東大松尾・岩澤研究室、AI教育「GCI World」を世界展開

 東京大学松尾・岩澤研究室は、データサイエンス講座「東京大学グローバル消費インテリジェンス寄付講座(GCI)」を英語化したAI教育プログラム「GCI World」を、世界各国に向けて展開している。2期目となる今回は、ODA対象国を中心に約100カ国から約2万5000人が受講を開始した。

 GCI Worldは、国内で実施してきたGCIの教育内容を海外学生向けに英語で提供するプログラム。
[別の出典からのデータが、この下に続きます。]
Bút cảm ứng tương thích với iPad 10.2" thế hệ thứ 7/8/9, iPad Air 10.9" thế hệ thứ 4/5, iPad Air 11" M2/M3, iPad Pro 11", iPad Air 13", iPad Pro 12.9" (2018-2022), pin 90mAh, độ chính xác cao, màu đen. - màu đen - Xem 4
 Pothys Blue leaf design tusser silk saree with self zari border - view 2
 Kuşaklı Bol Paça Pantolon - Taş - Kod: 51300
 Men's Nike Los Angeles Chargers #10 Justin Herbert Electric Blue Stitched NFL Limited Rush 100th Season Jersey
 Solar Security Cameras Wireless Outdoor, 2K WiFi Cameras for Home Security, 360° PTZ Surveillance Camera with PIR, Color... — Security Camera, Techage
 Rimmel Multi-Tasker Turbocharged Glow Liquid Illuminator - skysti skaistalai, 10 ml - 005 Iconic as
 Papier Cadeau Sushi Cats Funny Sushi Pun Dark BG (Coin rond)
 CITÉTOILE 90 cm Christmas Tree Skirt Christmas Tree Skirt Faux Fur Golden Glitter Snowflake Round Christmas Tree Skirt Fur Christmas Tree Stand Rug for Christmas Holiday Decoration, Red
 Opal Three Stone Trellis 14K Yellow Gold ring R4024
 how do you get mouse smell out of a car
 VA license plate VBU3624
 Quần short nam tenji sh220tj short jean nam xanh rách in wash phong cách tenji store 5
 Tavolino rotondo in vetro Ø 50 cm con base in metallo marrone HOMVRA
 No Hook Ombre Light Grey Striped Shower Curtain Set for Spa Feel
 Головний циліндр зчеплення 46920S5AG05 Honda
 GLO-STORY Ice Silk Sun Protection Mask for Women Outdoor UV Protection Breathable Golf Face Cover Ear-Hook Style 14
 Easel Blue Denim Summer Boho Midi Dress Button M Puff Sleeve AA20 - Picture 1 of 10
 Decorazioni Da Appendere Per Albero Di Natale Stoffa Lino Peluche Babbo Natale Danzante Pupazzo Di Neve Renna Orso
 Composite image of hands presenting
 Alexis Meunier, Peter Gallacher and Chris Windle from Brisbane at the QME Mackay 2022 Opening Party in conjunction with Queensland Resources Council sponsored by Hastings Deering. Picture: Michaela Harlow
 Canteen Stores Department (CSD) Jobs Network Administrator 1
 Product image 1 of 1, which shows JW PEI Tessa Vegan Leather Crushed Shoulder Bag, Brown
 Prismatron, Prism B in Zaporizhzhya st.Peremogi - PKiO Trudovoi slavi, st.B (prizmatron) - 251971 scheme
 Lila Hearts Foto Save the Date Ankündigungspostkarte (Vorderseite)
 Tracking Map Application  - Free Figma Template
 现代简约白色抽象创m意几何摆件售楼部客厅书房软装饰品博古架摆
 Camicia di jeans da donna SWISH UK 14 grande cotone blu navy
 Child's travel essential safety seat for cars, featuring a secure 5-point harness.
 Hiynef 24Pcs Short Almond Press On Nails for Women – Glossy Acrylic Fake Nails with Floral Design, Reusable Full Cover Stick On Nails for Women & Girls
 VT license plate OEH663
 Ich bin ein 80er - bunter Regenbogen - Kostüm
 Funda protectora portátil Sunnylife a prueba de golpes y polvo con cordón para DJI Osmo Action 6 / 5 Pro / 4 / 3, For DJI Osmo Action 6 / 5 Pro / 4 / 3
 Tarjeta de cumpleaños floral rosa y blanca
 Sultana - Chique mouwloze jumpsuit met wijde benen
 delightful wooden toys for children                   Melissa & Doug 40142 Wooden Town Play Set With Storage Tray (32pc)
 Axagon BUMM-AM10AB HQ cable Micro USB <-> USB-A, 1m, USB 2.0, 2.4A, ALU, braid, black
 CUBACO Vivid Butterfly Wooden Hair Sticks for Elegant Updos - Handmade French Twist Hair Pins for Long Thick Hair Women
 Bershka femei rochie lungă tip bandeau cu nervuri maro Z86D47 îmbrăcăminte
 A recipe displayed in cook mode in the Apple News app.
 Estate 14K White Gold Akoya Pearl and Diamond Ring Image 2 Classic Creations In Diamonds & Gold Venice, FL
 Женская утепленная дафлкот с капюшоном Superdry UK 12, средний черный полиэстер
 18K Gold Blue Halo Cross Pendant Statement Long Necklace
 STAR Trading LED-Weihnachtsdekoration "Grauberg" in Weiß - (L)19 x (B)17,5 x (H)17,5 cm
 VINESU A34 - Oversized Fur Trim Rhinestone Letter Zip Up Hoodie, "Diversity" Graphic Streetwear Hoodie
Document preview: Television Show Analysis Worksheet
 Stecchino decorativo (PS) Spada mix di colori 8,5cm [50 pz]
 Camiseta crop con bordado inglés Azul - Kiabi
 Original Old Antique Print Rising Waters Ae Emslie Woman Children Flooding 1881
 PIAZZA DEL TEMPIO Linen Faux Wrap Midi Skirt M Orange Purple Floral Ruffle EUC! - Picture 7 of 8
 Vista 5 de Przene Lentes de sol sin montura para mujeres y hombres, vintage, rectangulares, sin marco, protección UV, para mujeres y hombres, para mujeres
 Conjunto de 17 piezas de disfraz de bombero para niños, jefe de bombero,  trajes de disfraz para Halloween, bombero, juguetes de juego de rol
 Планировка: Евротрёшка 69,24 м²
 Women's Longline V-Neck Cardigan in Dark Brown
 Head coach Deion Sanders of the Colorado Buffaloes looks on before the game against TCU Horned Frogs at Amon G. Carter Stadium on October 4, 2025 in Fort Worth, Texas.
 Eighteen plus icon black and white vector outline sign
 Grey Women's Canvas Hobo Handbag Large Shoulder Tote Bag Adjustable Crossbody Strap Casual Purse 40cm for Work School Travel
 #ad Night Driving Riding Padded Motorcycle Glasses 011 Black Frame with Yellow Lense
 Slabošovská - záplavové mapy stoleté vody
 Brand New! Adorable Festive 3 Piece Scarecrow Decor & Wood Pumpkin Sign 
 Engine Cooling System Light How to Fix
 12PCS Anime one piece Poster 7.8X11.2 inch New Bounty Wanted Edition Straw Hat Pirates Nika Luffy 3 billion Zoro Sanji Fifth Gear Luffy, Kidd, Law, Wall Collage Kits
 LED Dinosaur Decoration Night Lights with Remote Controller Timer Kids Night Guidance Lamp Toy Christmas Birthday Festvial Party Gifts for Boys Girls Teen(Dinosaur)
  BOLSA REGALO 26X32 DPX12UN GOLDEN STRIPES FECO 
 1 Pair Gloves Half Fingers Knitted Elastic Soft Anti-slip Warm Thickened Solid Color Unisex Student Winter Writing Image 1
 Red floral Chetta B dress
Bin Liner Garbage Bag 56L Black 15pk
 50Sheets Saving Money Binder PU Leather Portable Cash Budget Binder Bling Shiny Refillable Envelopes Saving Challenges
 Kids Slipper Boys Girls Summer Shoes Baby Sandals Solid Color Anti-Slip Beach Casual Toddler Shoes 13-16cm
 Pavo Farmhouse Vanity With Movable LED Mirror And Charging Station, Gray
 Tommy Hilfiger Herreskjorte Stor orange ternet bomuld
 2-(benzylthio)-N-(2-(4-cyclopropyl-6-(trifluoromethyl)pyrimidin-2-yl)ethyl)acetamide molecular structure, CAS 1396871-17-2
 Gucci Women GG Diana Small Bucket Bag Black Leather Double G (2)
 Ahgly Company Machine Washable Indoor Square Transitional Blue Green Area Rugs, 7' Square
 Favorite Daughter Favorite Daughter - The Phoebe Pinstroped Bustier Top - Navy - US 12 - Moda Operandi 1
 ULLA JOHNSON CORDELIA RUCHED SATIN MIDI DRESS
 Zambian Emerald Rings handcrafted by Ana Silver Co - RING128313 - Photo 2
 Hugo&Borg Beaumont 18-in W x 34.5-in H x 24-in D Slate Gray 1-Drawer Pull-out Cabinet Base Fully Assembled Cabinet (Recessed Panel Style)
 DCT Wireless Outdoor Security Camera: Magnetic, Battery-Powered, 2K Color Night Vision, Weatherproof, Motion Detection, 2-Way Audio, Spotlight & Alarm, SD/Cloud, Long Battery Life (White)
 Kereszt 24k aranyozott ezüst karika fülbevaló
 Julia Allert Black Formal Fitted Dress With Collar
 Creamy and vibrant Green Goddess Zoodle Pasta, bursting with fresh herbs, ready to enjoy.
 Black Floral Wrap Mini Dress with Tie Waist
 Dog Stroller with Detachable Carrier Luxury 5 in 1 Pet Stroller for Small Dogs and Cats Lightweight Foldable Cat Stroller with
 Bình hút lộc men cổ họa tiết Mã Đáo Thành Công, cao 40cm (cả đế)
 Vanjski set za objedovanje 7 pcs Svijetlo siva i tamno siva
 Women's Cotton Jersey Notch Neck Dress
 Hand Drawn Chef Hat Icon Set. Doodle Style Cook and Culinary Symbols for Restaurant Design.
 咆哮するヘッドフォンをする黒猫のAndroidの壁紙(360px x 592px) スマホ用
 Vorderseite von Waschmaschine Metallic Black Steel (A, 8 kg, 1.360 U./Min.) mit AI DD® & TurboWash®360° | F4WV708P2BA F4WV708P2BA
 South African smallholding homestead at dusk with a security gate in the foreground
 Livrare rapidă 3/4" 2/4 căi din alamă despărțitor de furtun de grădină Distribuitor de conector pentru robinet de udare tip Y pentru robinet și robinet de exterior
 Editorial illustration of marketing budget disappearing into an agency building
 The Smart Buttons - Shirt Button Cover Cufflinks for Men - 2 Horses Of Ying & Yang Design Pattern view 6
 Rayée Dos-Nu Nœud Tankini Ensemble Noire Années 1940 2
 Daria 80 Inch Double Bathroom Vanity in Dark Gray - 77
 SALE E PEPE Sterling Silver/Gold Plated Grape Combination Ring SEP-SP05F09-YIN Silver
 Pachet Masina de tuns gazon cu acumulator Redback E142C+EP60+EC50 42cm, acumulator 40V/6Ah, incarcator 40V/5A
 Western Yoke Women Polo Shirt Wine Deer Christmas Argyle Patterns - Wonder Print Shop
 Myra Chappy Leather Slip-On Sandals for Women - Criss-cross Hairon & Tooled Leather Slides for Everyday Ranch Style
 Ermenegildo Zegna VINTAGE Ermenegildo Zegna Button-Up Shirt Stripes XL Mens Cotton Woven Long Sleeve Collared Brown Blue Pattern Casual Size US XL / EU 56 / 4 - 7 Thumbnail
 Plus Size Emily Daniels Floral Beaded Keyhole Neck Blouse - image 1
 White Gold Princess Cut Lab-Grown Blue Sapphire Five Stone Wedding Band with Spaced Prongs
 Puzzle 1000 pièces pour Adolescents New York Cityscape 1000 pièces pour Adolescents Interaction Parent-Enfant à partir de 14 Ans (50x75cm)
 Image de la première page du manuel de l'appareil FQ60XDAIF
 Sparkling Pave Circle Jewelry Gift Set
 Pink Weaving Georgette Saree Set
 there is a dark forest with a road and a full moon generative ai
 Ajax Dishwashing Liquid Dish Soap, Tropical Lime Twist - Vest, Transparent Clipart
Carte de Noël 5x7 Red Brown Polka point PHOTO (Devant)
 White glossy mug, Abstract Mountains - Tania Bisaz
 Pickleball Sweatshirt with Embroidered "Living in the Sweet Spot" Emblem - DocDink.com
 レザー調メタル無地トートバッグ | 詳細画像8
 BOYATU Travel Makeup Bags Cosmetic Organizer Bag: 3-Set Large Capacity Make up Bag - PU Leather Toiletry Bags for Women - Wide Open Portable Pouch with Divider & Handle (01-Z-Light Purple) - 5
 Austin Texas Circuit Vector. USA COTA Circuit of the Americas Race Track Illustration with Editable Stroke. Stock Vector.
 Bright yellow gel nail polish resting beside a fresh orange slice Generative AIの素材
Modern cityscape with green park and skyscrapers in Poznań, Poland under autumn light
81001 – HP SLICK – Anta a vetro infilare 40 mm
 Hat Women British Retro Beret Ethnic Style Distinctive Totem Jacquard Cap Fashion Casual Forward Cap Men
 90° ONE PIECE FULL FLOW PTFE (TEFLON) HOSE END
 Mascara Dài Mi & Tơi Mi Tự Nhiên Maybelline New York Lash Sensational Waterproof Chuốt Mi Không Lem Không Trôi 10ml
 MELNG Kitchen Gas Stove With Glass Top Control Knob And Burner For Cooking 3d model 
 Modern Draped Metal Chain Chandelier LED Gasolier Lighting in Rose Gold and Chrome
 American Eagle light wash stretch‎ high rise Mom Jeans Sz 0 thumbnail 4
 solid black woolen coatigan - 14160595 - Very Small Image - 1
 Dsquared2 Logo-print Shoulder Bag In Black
初年度は世界33カ国436大学から7000人を超える申し込みがあり、ベトナムのハノイ工科大学で初回講義を行うなど、海外での関心を集めてきた。

 2026年は、5月にフィリピン大学ディリマン校、7月にバングラデシュのBRAC Universityで現地講義と1Dayハッカソンを実施した。学生はAIやデータサイエンスの基礎を学ぶだけでなく、実践的な課題に取り組み、国際的な学習コミュニティに参加する。

 松尾・岩澤研究室は、AIの基礎研究をもとに、国内でも年間多数のAI講座を展開している。2025年度には年間7万人超が受講し、2026年度は年間20万人の受講を目指す。

 今回のグローバル展開では、JICAとも連携し、アフリカやASEANをはじめとする各国の学生に学習機会を提供する。AI人材の育成と国際的なネットワーク形成を進め、日本の産業発展にもつなげる考えだ。

 AI人材の獲得競争が世界的に激しくなる中、大学発の教育プログラムを海外へ広げる取り組みとして、今後の展開が期待される。